Olmec, Maya, Teotihuan, Toltec and Aztec: Prior to the Spanish conquest, Mexico had been home to civilizations for literally thousands of years. Most of these reached beyond Mexico to include Central America in general. The earliest we know of, the Olmec, was in existence certainly no later than 2,000 BC. The last was the Aztec, conquered by the Spaniard Hernán Cortéz and allied armies in 1521.
Olmec: The height of the Olmec civilization is often dated as stretching from roughly 1500-300 BC. They are especially famous for the huge, stone heads they sculpted. Since we have not discovered any writing associated with the Olmec, we don't know if the heads represented deities, rulers, or what. In addition to the huge heads, the Olmec also produced other fine sculpture and erected pyramids. Their pyramids were made of packed earth and have been reduced to mounds of clay, but their stone art has survived in remarkably good condition. The center of the civilization was on the Pacific coast in what is today southern Mexico, but it is clear that it stretched well beyond the center, from central Mexico to Costa Rica and probably beyond.>
Maya: Next in line, chronologically speaking, we have the Maya. This civilization stretched from roughly 300BC-900AD, although it was in decline after 300-400AD. Geographically speaking, it stretched from the Atlantic to the Pacific, and flourished especially in the Yucatán peninsula of Mexico through Guatemala. It does not seem to have been a unified kingdom but rather a bunch of city-states, kind of like in the Greek civilization.
The Maya had stone pyramids, and a writing system, the general outlines of which have been deciphered. They were primarily farmers, and apparently developed an agricultural system that permitted them to comfortably feed their large population (some 100,000 people in some cities) through practices that did not require large amounts of water, important in the semi-arid regions in which some of their cities were located. As a child, I visited one of the sites of Mayan ruins (Uxmal) and climbed its pyramid.

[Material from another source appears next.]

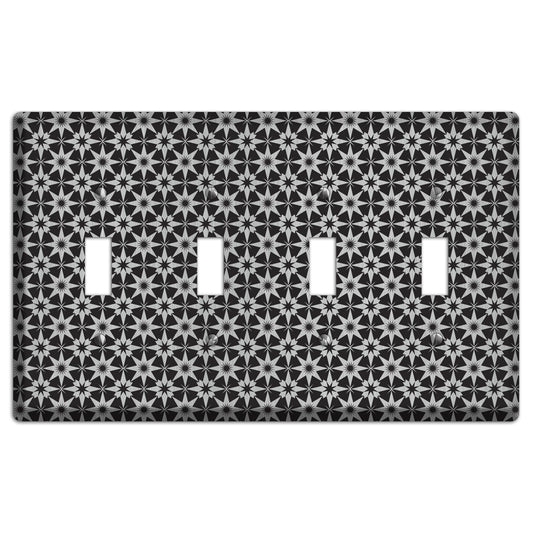 Black with Stainless Foulard 4 Toggle Wallplate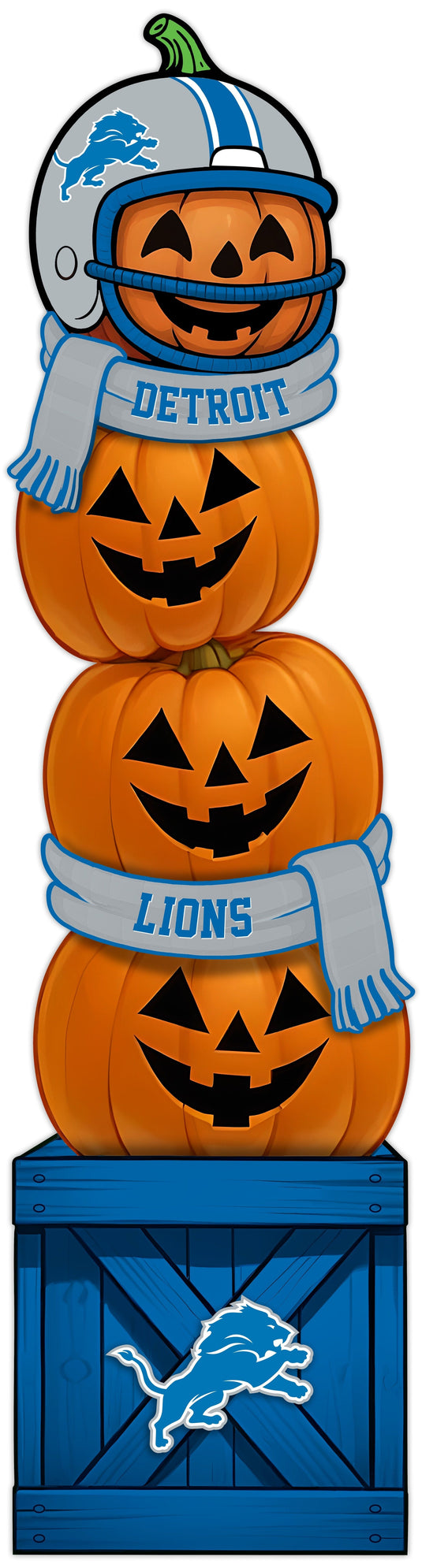 Fan Creations 46 inch NFL Detroit Lions Stacked Pumpkin Leaner - Scarf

That, in some respects, inspired my life-long interest in other cultures. My mother, who visited many more Mayan sites, used to tell me that you could hardly walk through the jungles of Guatemala without stumbling upon a Mayan ruin!

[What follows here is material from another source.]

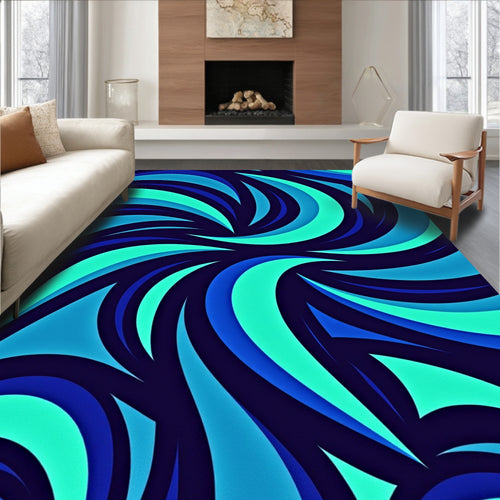 Aqua Blue Swirl Abstract Pattern Rug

Teotihuacan: Towards the end of the Mayan civilization, there is some indication that the Maya were in contact with the Teotihucanos - although whether this was through trade or conquest is unclear. In addition, at some point during the decline of the Maya, representations of what is probably Quetzalcóatl began to appear. (Quetzacoatl then continued on as an important deity through all the subsequent civilizations of Mexico and Central America.)
The origins and history of the Teotihuacanos are extremely murky. Evidently, they flourished before the Maya civilization ended and continued on after that. They also constructed the huge, impressive buildings (including the famous pyramid and Temple of the Sun) located close to Mexico City, which suggests that central Mexico was most important to them.

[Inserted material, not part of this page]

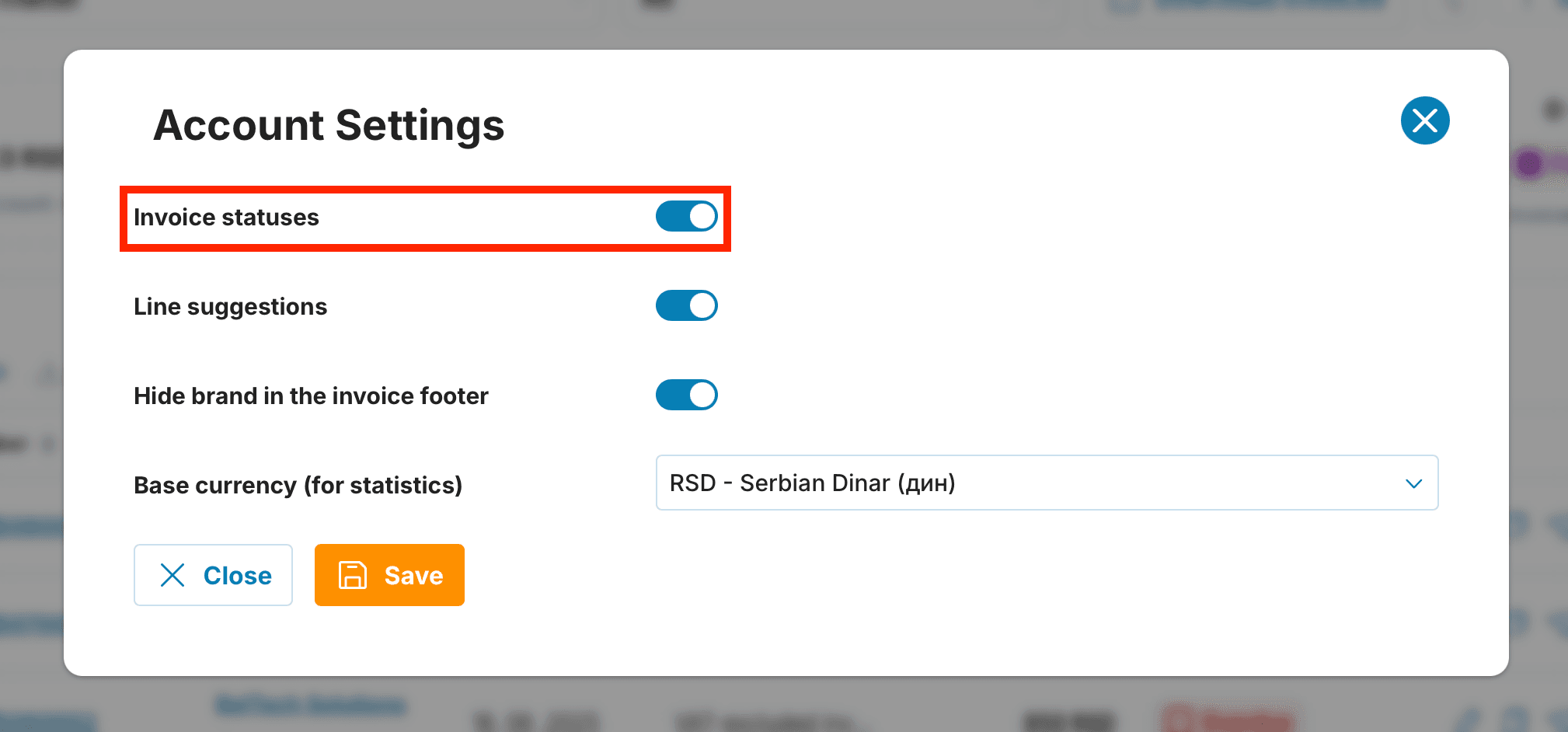 Invoice statuses RS preview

Toltec: The Teotihucanos disappeared as mysteriously as they appeared. The civilization was followed, or accompanied, by the Toltecs whose civilization dates from approximately 800-1000AD. Their "home territory" was also in central Mexico, and they are generally said to be the the precursors of the Aztecs.
The four objects on top of the Toltec pyramid to the left, which appear to be pillars, are in fact carved, stone statues of people/deities that are about two times taller than a normal human being. The Toltecs also carved many representations of Quetzacoatl.
Aztecs: And finally, we get to the Aztecs. This was a unified civilization under the rule of a king or emperor. With a capital in central Mexico - where today's Mexico City is located - the Aztec rule began in 1325. It ended in 1521 with the Spanish conquest. The Aztecs, like the civilizations before them, build pyramids to bring them closer to the gods, and constructed great cities with public buildings of stone, decorated by intricate bas-reliefs. In addition to having a complex writing system, they were also particularly good astronomers, and their empire reached from the Atlantic to the Pacific, due in large part to almost continuous conquest. (The conquest helped destory them because when the Spaniards arrived, conquered peoples were happy to ally themselves with these Europeans to bring down the Aztec rule.)
Aztec rule was, however, paricularly bloody. I am talking here not so much about warfare as about the ritual human sacrifice perpetrated by the rulers and their priests in the name of religion. Ironically, the numbers of people killed through these practices is probably much less than the thousands executed in Spain, in the name of religion, during the first 60 years of the Inquisition (which began in 1478). The human sacrifices of the Aztecs were closely tied to the rulers rather than the general population, so that when the rule had been destroyed, other aspects of the culture took over.
The Aztecs worshipped many deities. One of the most important was Quetzacoatl, the "feathered serpent" who we first saw with the Maya, and who both of our artists celebrate. While much of the Aztecs' capital city has been lost - first due to the Spanish conquest and more recently, due to the modern city being built on top of it - archaeological work is uncovering some of the great buildings. The photograph above on the left shows a pair of Quetzacoatl upholding the base of the pyramid that used to rise above it.